NHK-BSで放送していた草間彌生さんのドキュメンタリー。3時間なのでチビチビ観ようと思っていたが、のっけから引き込まれて一気に観てしまった。
半ば隠居に入り、気が向いたら絵筆をとる程度と思っていたが、2m四方のキャンバスを1日で埋める。それを100枚こなし、休むことなく次の100枚に取りかかる。いやまいった。齢82にしてどこからそんなエネルギーが出てくるのか。普通ではない。人間ではない。
「ウォーホールもピカソも目じゃないわ。私のほうが天才よ」と言ってのける大胆不敵。そうかと思えば、「次の100枚を仕上げたらまたあのお菓子ちょうだいね」と子供のような目。彼女の頭の中はどうなっているのか。怖そうなので、入口にしっかり手をかけて覗いてみたい。

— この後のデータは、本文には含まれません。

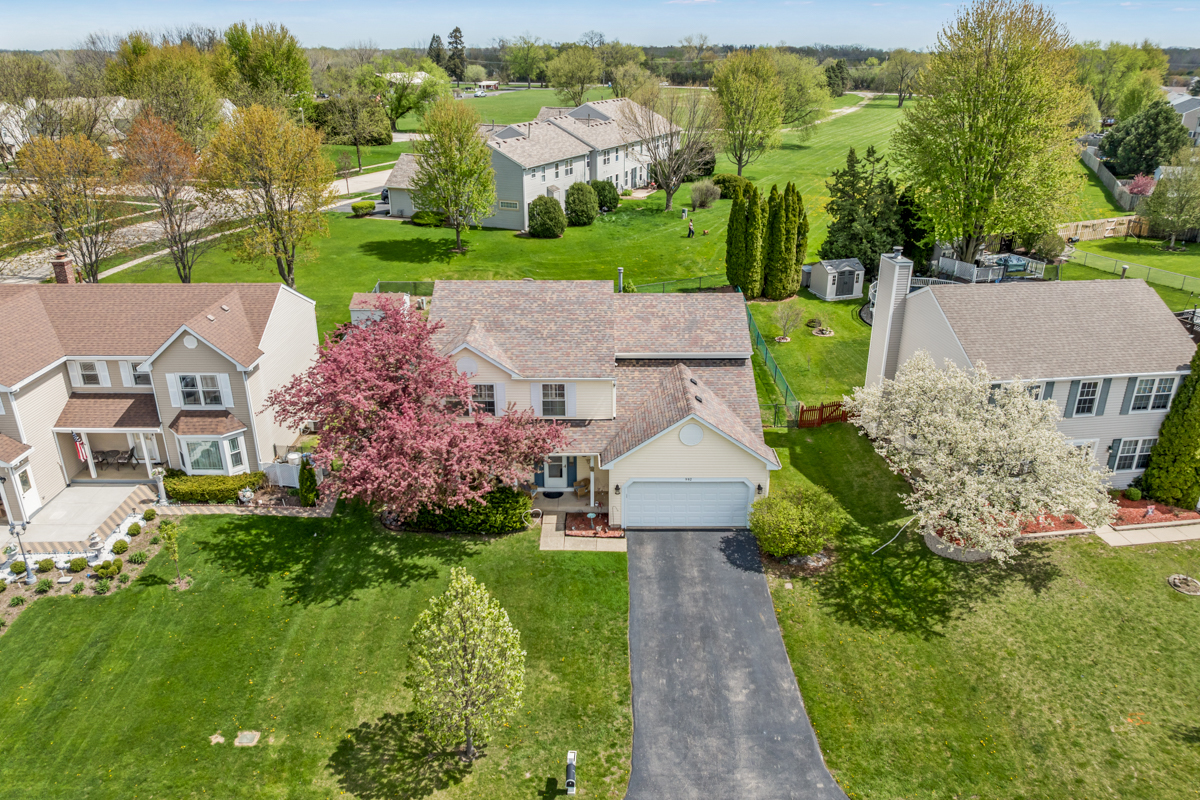 992 Mcphee Drive, Lake In The Hills IL 60156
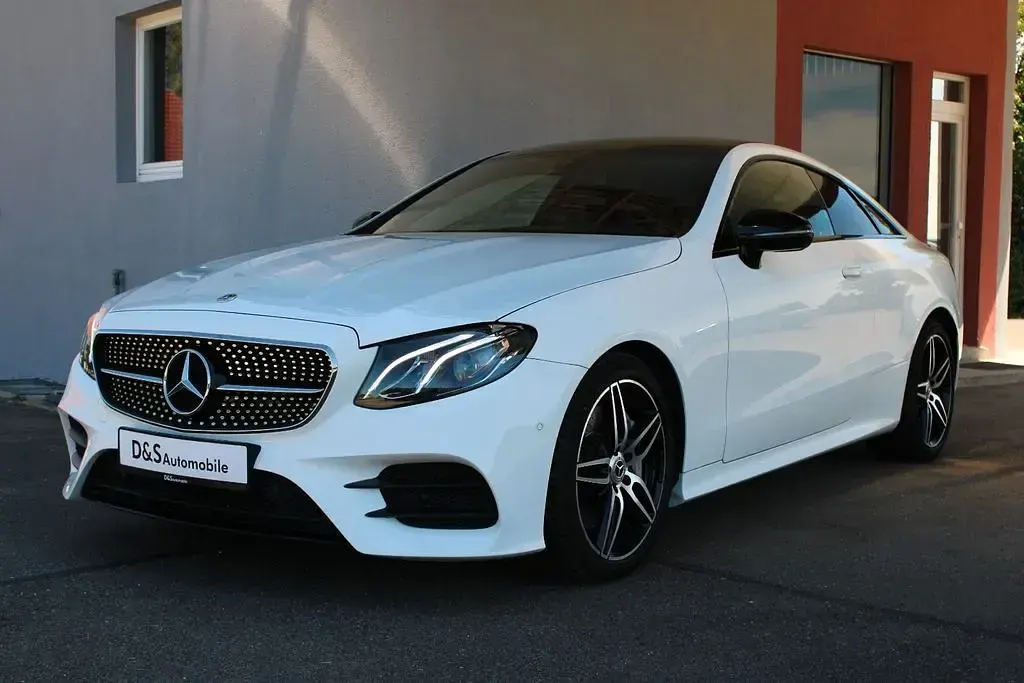 Gebraucht Mercedes E300 AMG line 258 PS (189 kW) 2019 Polarweiss Coupé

このような方なので、てっきり創作活動にしか興味がないと思ったら、ギャラリーに作品の値段交渉をし、さまざま広報活動もする。むかしは女性アーティストなど見向きもされなかったので、いかに自分を売り込むかが肝要だったそうだが、彼女にはその素養が身についている。
テートモダンとポンピドゥセンターのキュレーターがタッグを組み、来年にかけて欧米の一流美術館で大展覧会が催される。そこには100枚の作品も展示されるそうだが、観に行きたくてたまらない。彼女のほとばしるエネルギーを全身に浴びたい。